Exercise instructions
The answer is all of the data, repeated exactly.

Data segment
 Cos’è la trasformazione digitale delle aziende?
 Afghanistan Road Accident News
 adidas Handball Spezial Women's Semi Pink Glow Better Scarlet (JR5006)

Response to this task
 Cos’è la trasformazione digitale delle aziende?
 Afghanistan Road Accident News
 adidas Handball Spezial Women's Semi Pink Glow Better Scarlet (JR5006)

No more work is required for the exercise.